Aparte de lo profundamente agradecido que me siento por el privilegio que se me ha otorgado, debo poner de relieve cuánto me honra, pese a la hora menguada en que me toca hacerlo, hablar ante una Asamblea Nacional que ha sido producto de una preferencia electoral auténtica. Aplomo no les ha faltado, en medio de tantos atolladeros, a los diputados que aquí, en esta Cámara, continúan haciendo vida; ni tampoco les ha faltado determinación a la hora de levantar su voz en resuelta actitud de denuncia.
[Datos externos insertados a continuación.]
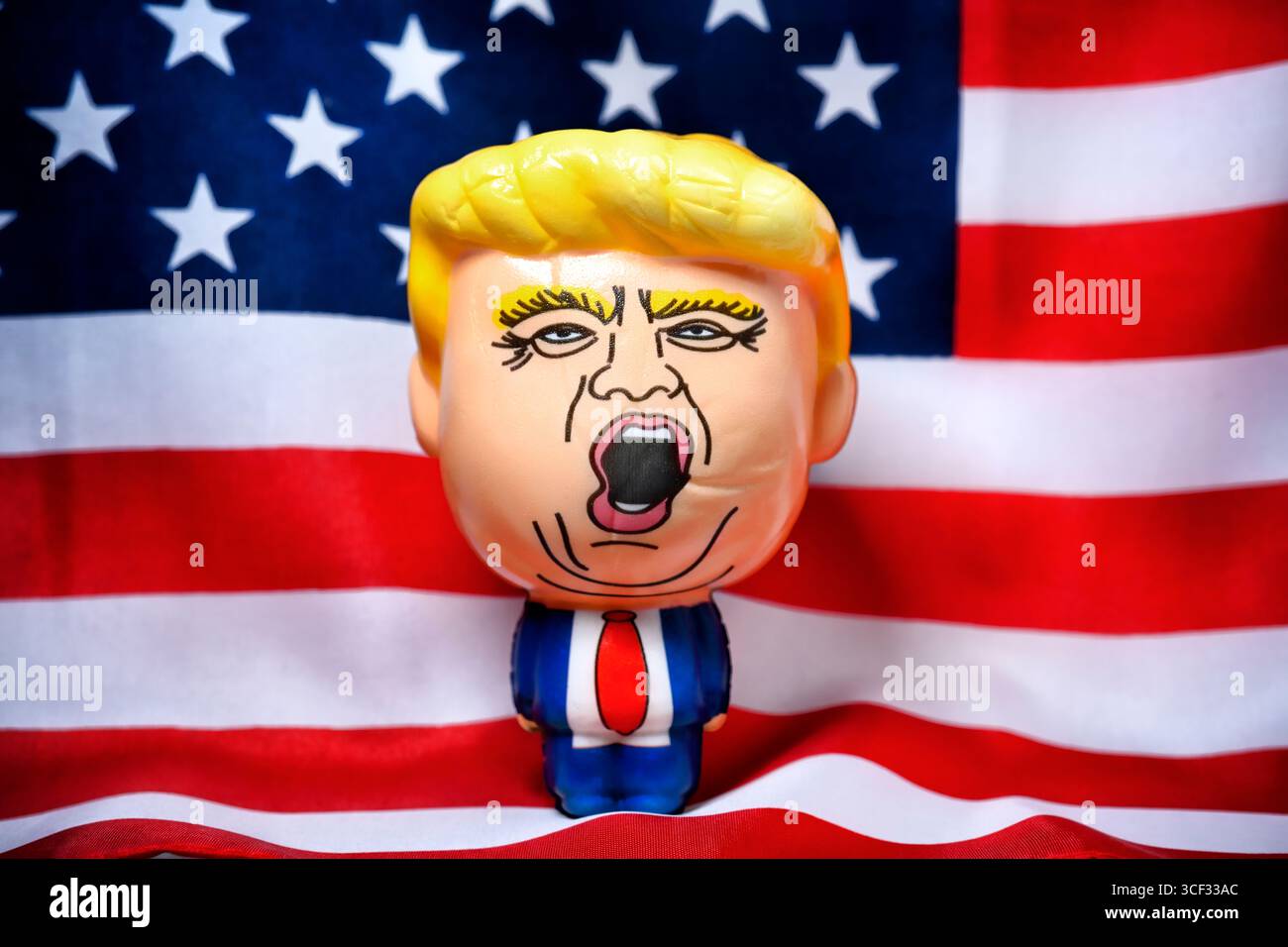 Rubber figure of US President Donald Trump in front of the USA flag ...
Mucho menos se han visto amilanados a la hora de cumplir con sus tareas como legisladores, pese a amenazas, desaires o desplantes.

Por si fuera poco el tamaño del compromiso que tengo de hablarles hoy, desde esta tribuna, me toca la singularidad de hacerlo a partir de un cambio de escenario. Un cambio dictado, como es sabido por todos, debido a la circunstancia de que la llamada “Asamblea Nacional Constituyente” prácticamente se adueñara del Hemiciclo Protocolar de este Palacio Federal Legislativo. Desde que, en 1936, se celebrara, por primera vez, esta Sesión Especial con motivo del Aniversario de la Declaración de Independencia, ningún discurso de cuantos tuvieran lugar a propósito de tal conmemoración dejó de pronunciarse en el Hemiciclo Protocolar. No hablo, desde luego, de aquellos casos en que esta ceremonia se vio interrumpida por períodos de facto, donde no hubo Congreso. Por tanto, se trata de la primera vez que así ocurre. Pero es un cambio de escenario que no disminuye en nada la dignidad ni la calidad de este acto. Tal vez, curiosamente, lo favorezca.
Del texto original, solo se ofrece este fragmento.